Natalina Orlandi, durante una conferenza stampa, ha detto che le attenzioni dello zio erano in realtà delle semplici “avance verbali”. Ma il giornalista Pino Nicotri ha rivelato un dettaglio che mette in dubbio le parole di Natalina. In un articolo pubblicato su Blitz Quotidiano, il cronista ha mostrato una denuncia sporta ai carabinieri il 30 agosto 1983 in cui l’allora fidanzato di Natalina, Andrea Ferraris, oggi marito della stessa, denunciava il fatto increscioso avvenuto tra lo zio e la sua fidanzata. Come afferma Nicotri “non ha senso pensare che il fidanzato sia andato dai carabinieri se si fosse trattato solo di avance a base di semplici parole. Per andare dai carabinieri che indagavano sulla scomparsa di Emanuela, ci dev’essere stato un qualche elemento abbastanza grave da far sospettare che zio Mario Meneguzzi potesse aver avuto a che farci. Si direbbe quindi che non di avance a base di sole parole si sia trattato”.
Il sospetto di Nicotri è avvalorato dalla testimonianza del prete confessore della famiglia Orlandi che, interpellato dall’allora segretario di Stato Vaticano, Agostino Casaroli, confermò le molestie sessuali subite da Natalina da parte dello zio Mario, aggiungendo che Natalina era terrorizzata dal parente, il qualche minacciò anche di farla licenziare dalla Camera dei Deputati-dove la ragazza lavorava come segretaria in un ufficio legale-se avesse parlato della cosa. Questo, naturalmente, non vuol dire che Mario Meneguzzi c’entri qualcosa con la scomparsa di Emanuela, ma che il contesto familiare degli Orlandi non fosse affatto idilliaco.
Per allontanare dallo zio ogni sospetto, Pietro Orlandi, nella stessa conferenza stampa, ha detto che, il giorno della scomparsa di Emanuela, zio Mario era in vacanza a Torano, in un luogo “lontanissimo”. In realtà-come fa notare Nicotri-non ci sono prove che lo zio quel giorno fosse davvero a Torano. Inoltre, Torano si trova a cento chilometri da Roma. Un’ora di viaggio. Se si considera che, come afferma Pietro, il padre di Emanuela telefonò al cognato a mezzanotte per chiedere un aiuto, cinque ore dopo la scomparsa di Emanuela, l’uomo avrebbe avuto teoricamente tutto il tempo di andare e venire da Torano a Roma anche due volte.

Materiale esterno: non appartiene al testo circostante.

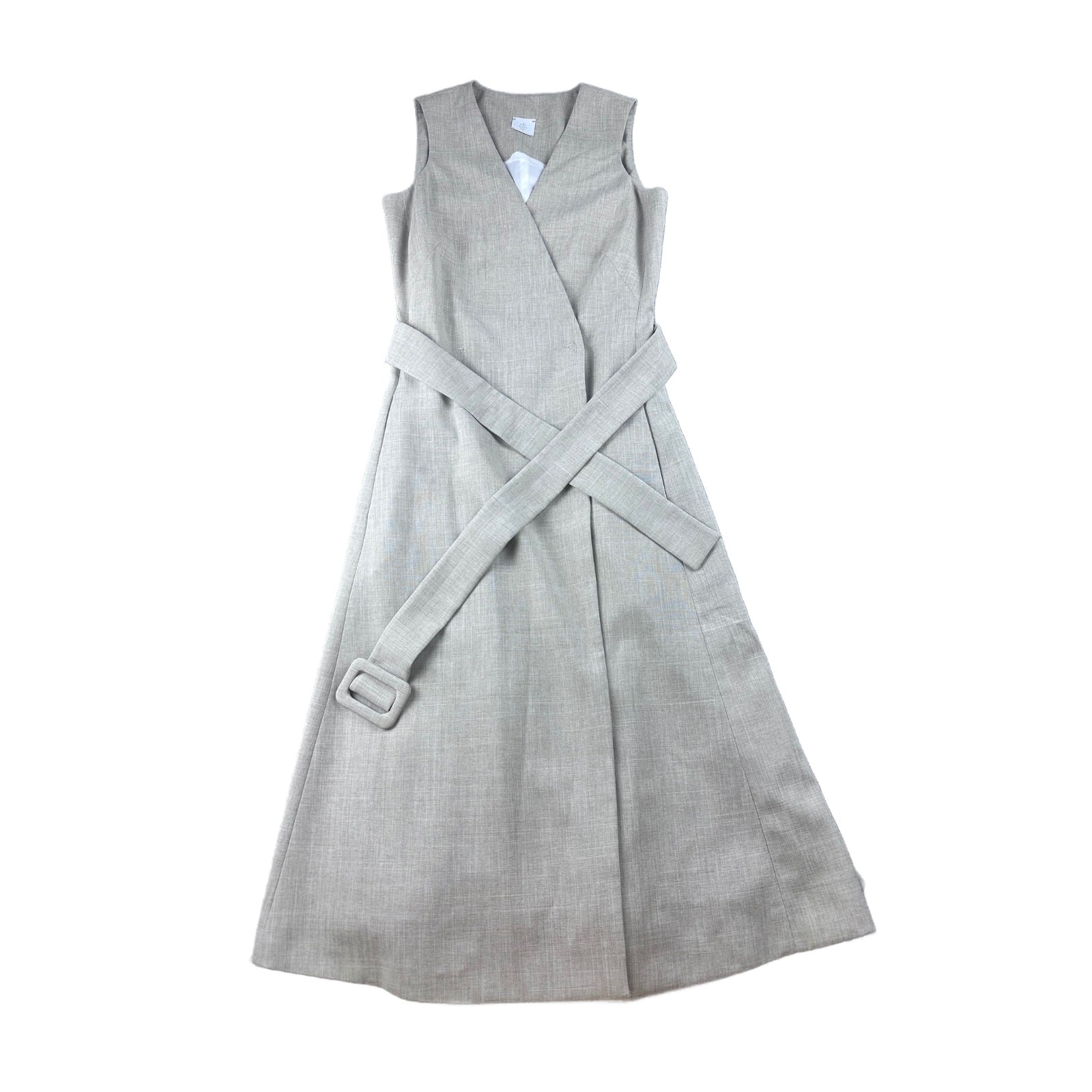 Eleventy Wrap Dress Women XS Beige Sleeveless V-Neck Belted Italy Made Luxury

Un altro punto discutibile messo in risalto da Nicotri riguarda la testimonianza di Pietro Meneguzzi, figlio di Mario, che a suo tempo sostenne che il giorno della scomparsa di Emanuela tutta la famiglia era a Torano. Il padre Mario, invece, nel 1985 testimoniò davanti agli inquirenti che con lui a Torano c’erano solo la moglie Lucia Orlandi, la loro figlia Monica e la cognata Anna Orlandi. Anna Orlandi che, viceversa, Pietro Orlandi nel suo libro “Mia sorella Emanuela – Voglio tutta la verità”, scritto nel 2012 con il giornalista Fabrizio Peronaci, colloca a Roma in casa con lui, i suoi genitori e le altre tre sorelle in attesa di Emanuela per mangiare la pizza.
Nicotri lancia poi un sospetto inquietante ma molto plausibile: “Mario Meneguzzi è sicuramente innocente, anche perché il suo tampinare all’epoca i magistrati per sapere cosa stessero man mano appurando, cosa che li insospettì molto fino a sospettare di lui e a farlo pedinare, può essere dovuto a voler proteggere non necessariamente se stesso, ma eventualmente invece un amico, un parente o una persona cara”.